Here’s what I presented to my class last night:
Our culture has made a postmodern shift in the way we engage one another and in the way we assimilate information. Religious and secular communities alike have noticed this trend, and the need to address it within their own educational contexts. While both groups have begun research on this topic, neither has yet to draw any definitive conclusions. After hearing this lecture, those listening will understand the importance of helping the church begin to engage its children within a postmodern context.
Two months ago I was asked to sit in on an exploratory committee in my church to begin talking about ways we could change our structure to better align our children’s ministry to fit a postmodern society. We’ve met four times so far and the question we ask each other every time we get together (as well as the question I brought to my research on the articles in practice is): What does a postmodern shift in our culture mean for the church’s ministry to children?
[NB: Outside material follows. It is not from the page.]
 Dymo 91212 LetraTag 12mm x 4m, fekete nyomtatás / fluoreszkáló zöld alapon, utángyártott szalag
We have yet to discover that answer.
The Journal of Research on Christian Education says that, “Postmoderns, generally speaking, are storytellers first, believers second. There is, after all, little in the postmodern world that is certain enough to confess as absolutely true. There are, however, a multitude of stories to tell.”
For 50 plus years, we’ve been drilling into our children the do’s and don’ts of following God’s law. But do we only confess this truth to them, or do we also honestly live it out before them?
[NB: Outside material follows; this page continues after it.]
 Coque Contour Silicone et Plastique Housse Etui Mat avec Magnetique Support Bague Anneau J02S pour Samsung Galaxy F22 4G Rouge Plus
Current children’s Sunday School curriculum is designed with the cute, cartoon, clip-art feel in mind. One of the programs our church uses is called Gospel Light – which it is, light on the gospel, – as the stories are more value-driven than gospel-centered. The folder I take home each month with information about the lesson I’m to teach, holds 50 years of notes. 50 years. And we still use it because, well, it worked then. And yes, the Bible is the same today as it was 50 years ago, but the presentation methods our kids respond best to have changed, for better or for worse. Don’t we need to respect that change?
In a 2005 volume of the Journal of Teacher Education, the researchers point out how the computer and the Internet have transformed social relationships, providing children and families with new means of communicating and learning.
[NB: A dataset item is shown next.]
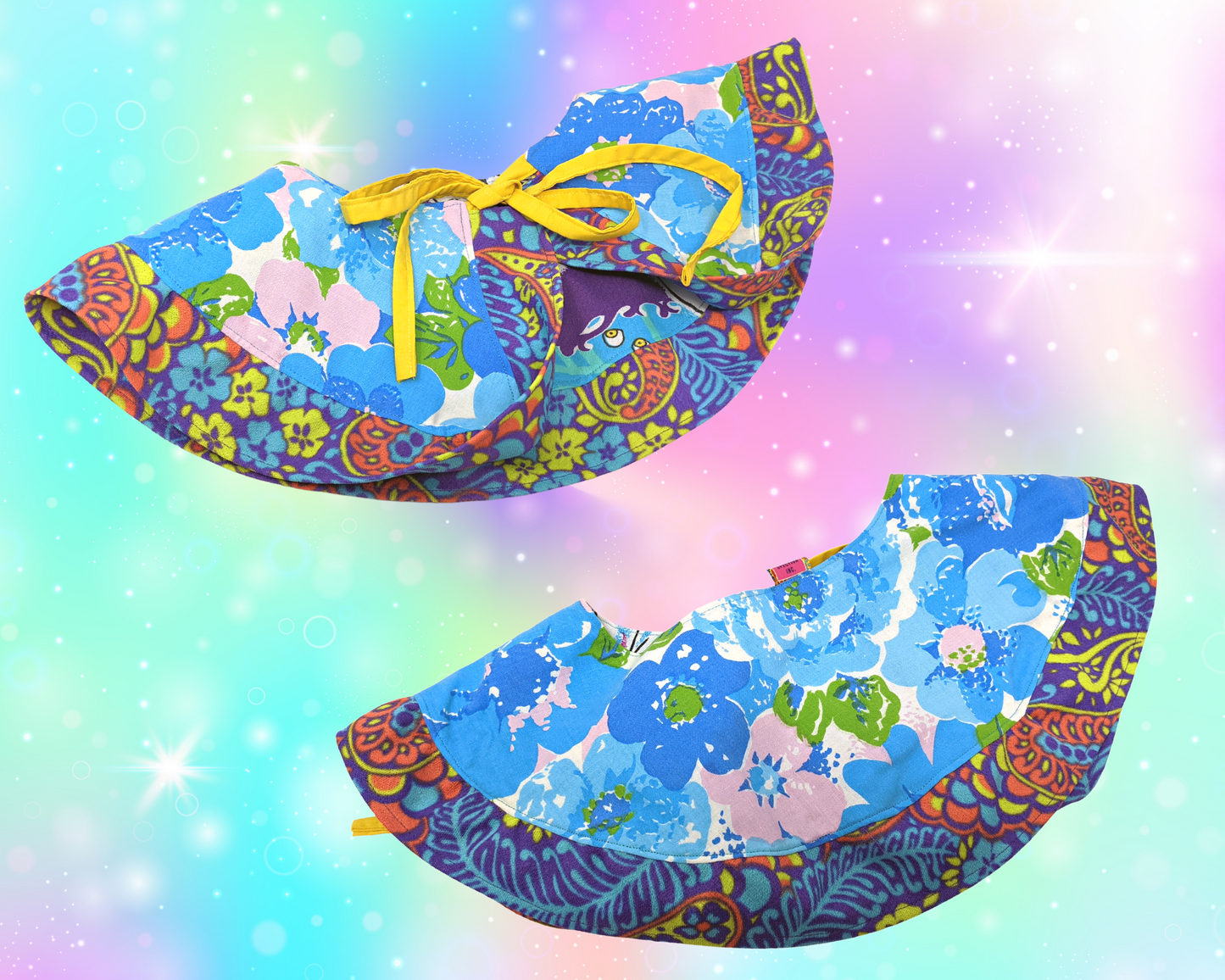 Handmade, Upcycled, Reversible Pilgrim Collar with Frill Made With a Casper the Friendly Ghost Bedsheet and a Vintage Floral Fabric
Postmodern views of knowledge and discovery are disrupting the up until now taken-for-granted relationship between child development knowledge and the preparation of early childhood teachers, meaning that what is being taught to teachers is not what they need to transfer knowledge to their future learners.
In order for postmodern perspectives to be incorporated into programs of teacher preparation, we have to overcome two challenges: the first, overcoming heavy dominance of developmental psychology in the classroom; the second, and perhaps more debilitating, is that there simply isn’t anything from which to teach these teachers about the use and relevance of postmodern ideas in daily classroom practice.
The Journal of Teacher Education says, “There is not a lot of information available that can assist students and teacher educators to access postmodern ideas in the context of teaching young children.”
Likewise, Research in Religious Education says, “The turn of the millennia is an exciting time for research in the field of religious education. The need for understanding how various streams of religious education are responding to a changing world is critical,” These statements effectively affirm the need, but then don’t offer any solutions for application.
Secular and Christian educators both agree that there is a need to make a change in the way we teach our children, but nobody knows what this should look like or where to begin.
One question each of us should consider in light of this is how can we work to influence change within our own churches for helping our children’s ministries take a more critical look at their methods and practice of teaching children in this postmodern age.